AVAILABLE DATA section start
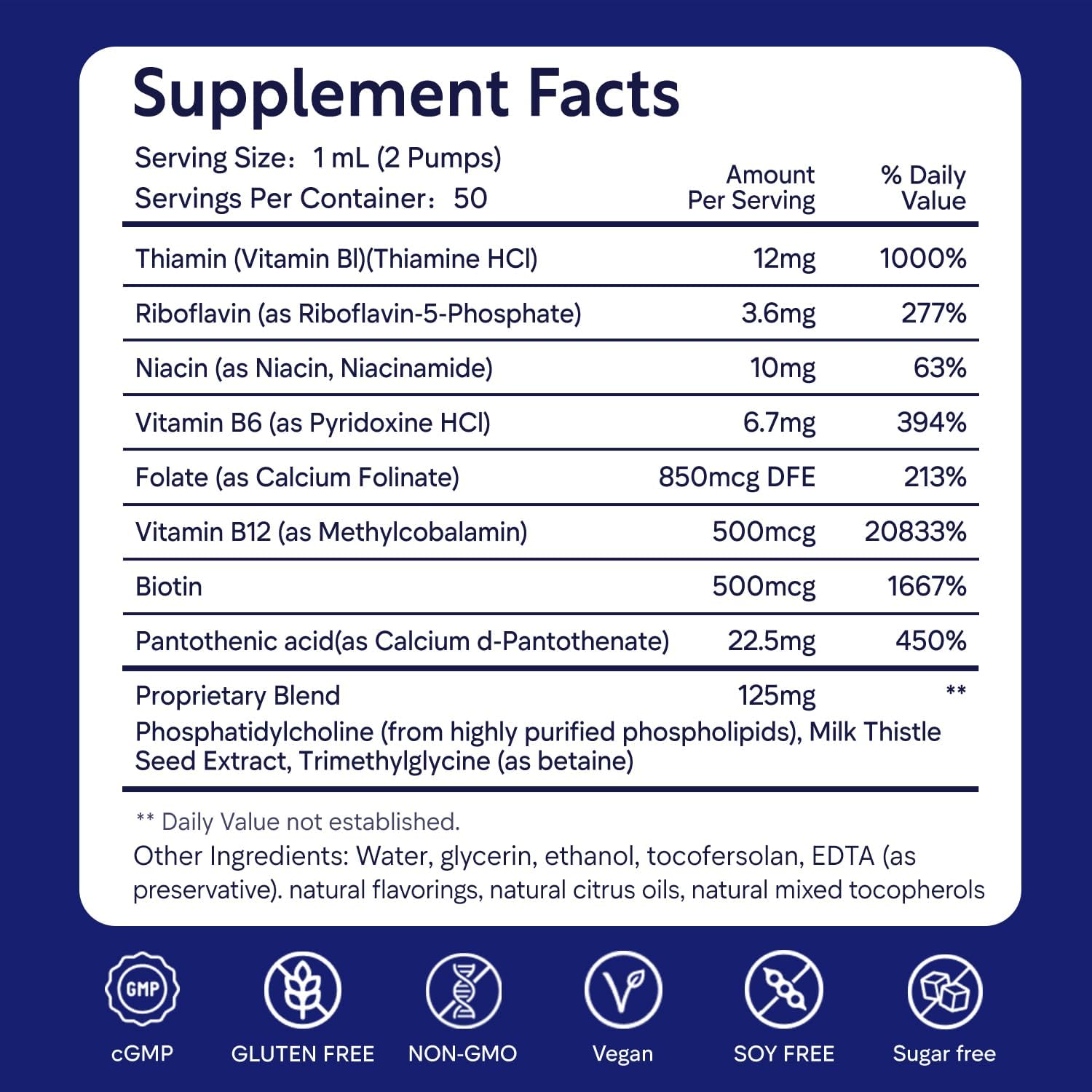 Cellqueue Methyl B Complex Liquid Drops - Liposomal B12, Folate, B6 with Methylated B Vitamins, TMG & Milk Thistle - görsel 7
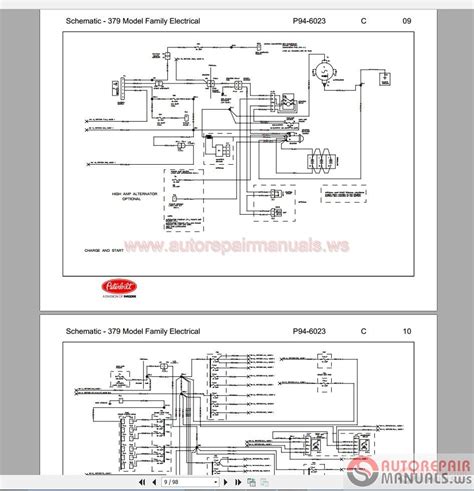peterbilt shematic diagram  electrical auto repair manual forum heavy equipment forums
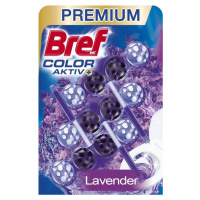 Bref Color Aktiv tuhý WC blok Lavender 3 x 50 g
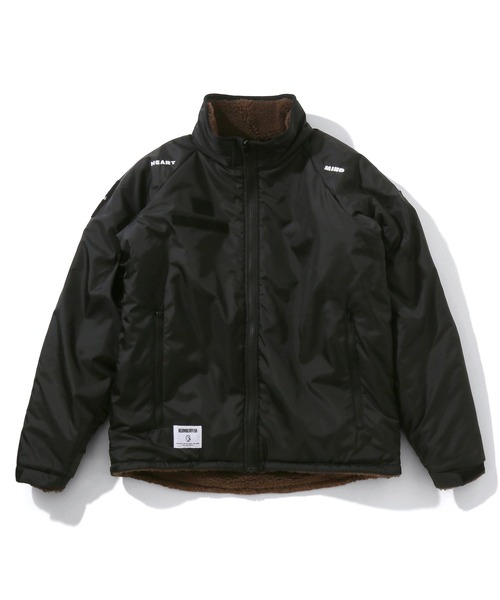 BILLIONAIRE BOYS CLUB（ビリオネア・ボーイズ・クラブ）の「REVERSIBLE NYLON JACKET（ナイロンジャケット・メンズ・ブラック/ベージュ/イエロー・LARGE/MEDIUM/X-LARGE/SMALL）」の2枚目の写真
AVAILABLE DATA section end
AVAILABLE DATA section start
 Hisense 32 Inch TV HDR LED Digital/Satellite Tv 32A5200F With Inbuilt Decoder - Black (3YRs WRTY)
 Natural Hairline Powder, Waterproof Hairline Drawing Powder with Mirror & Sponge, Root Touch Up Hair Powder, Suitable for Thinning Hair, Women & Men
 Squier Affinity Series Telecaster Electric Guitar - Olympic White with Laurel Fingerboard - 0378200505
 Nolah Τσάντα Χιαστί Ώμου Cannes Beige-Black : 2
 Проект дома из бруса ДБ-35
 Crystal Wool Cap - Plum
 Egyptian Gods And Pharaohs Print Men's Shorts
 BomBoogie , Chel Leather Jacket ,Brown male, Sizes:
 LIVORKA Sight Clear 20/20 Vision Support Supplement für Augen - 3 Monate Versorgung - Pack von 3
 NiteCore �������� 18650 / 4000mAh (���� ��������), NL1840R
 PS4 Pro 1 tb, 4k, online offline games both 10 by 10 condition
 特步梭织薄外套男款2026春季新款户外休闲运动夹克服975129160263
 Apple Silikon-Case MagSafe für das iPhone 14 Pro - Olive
AVAILABLE DATA section end
AVAILABLE DATA section start
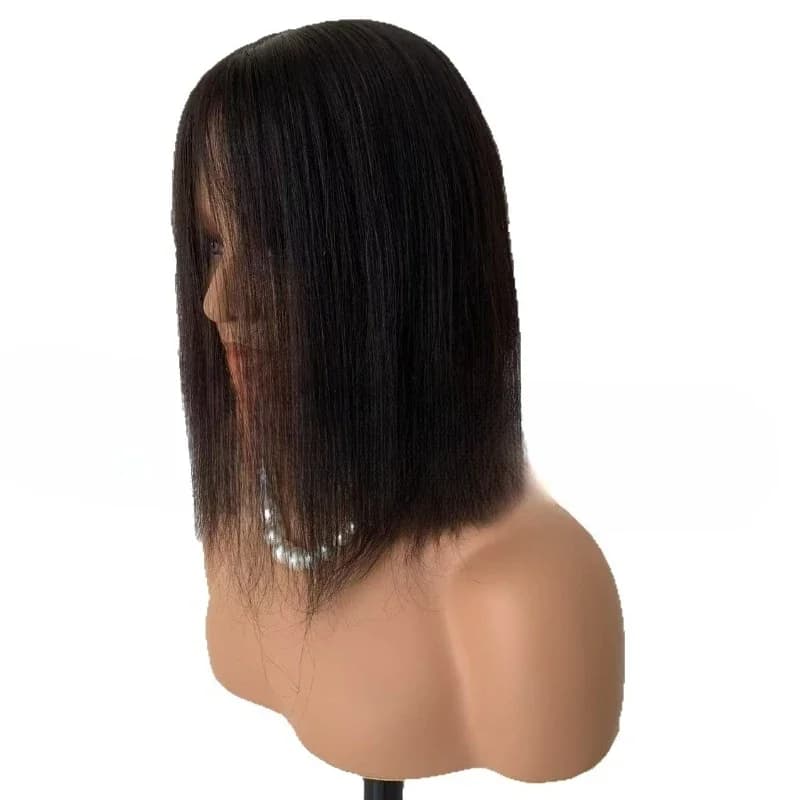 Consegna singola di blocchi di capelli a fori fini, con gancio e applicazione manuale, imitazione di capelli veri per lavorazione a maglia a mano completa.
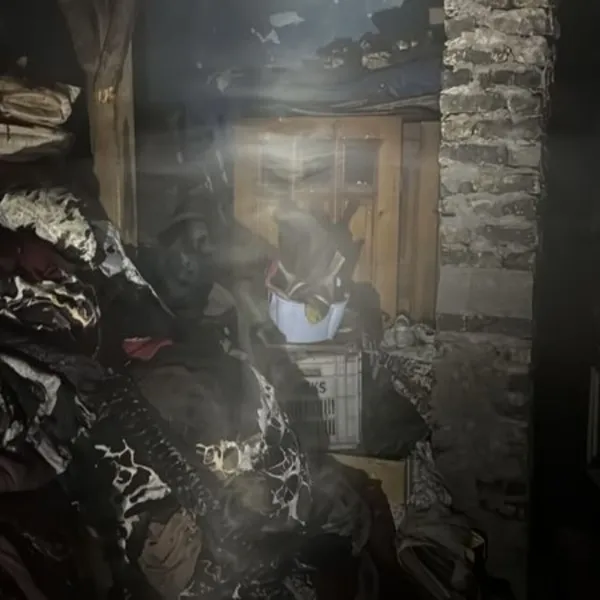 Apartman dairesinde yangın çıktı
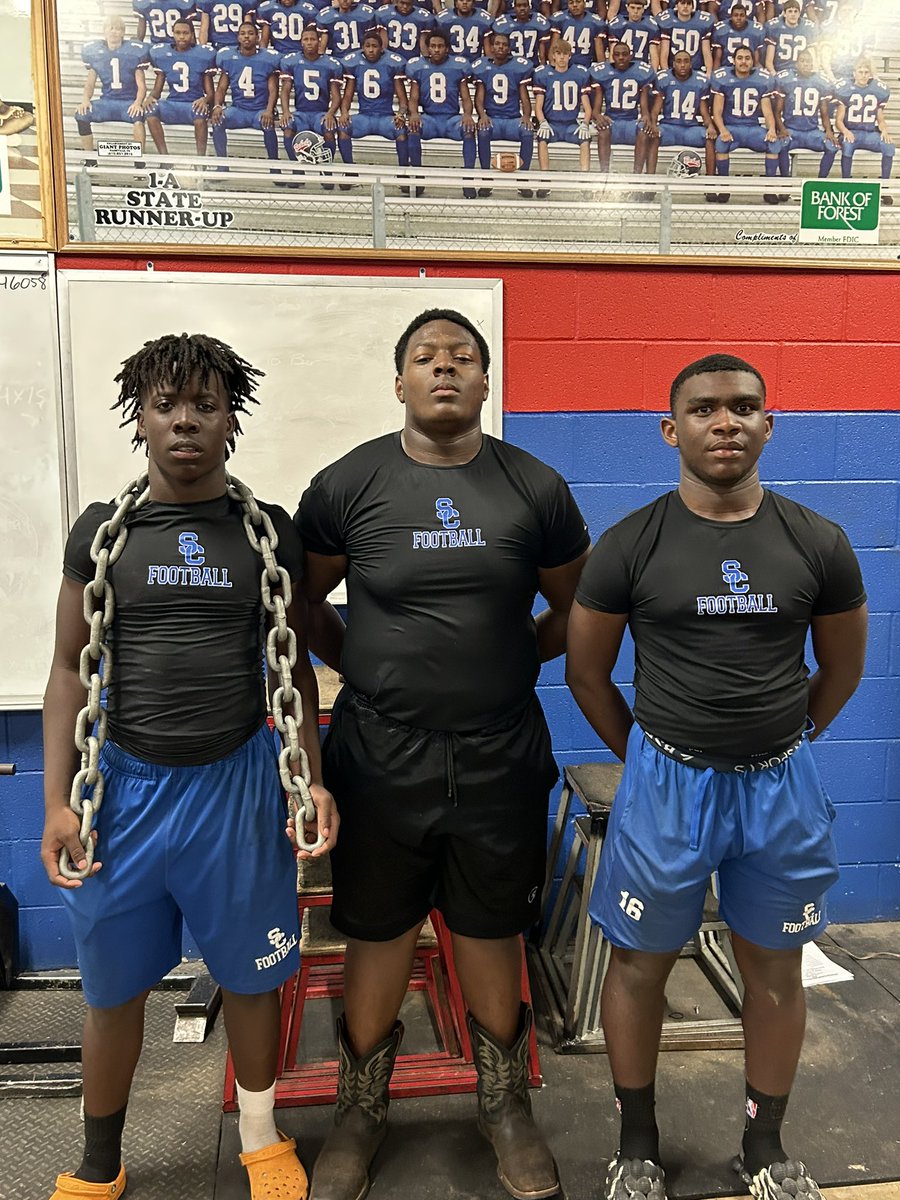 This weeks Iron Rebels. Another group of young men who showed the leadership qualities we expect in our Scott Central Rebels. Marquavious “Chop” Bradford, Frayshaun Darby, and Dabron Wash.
AVAILABLE DATA section end
• _PROBLEM DESCRIPTION_: Return only the number of lines in the data above that hold the word "Black".

• _REPLY_: 2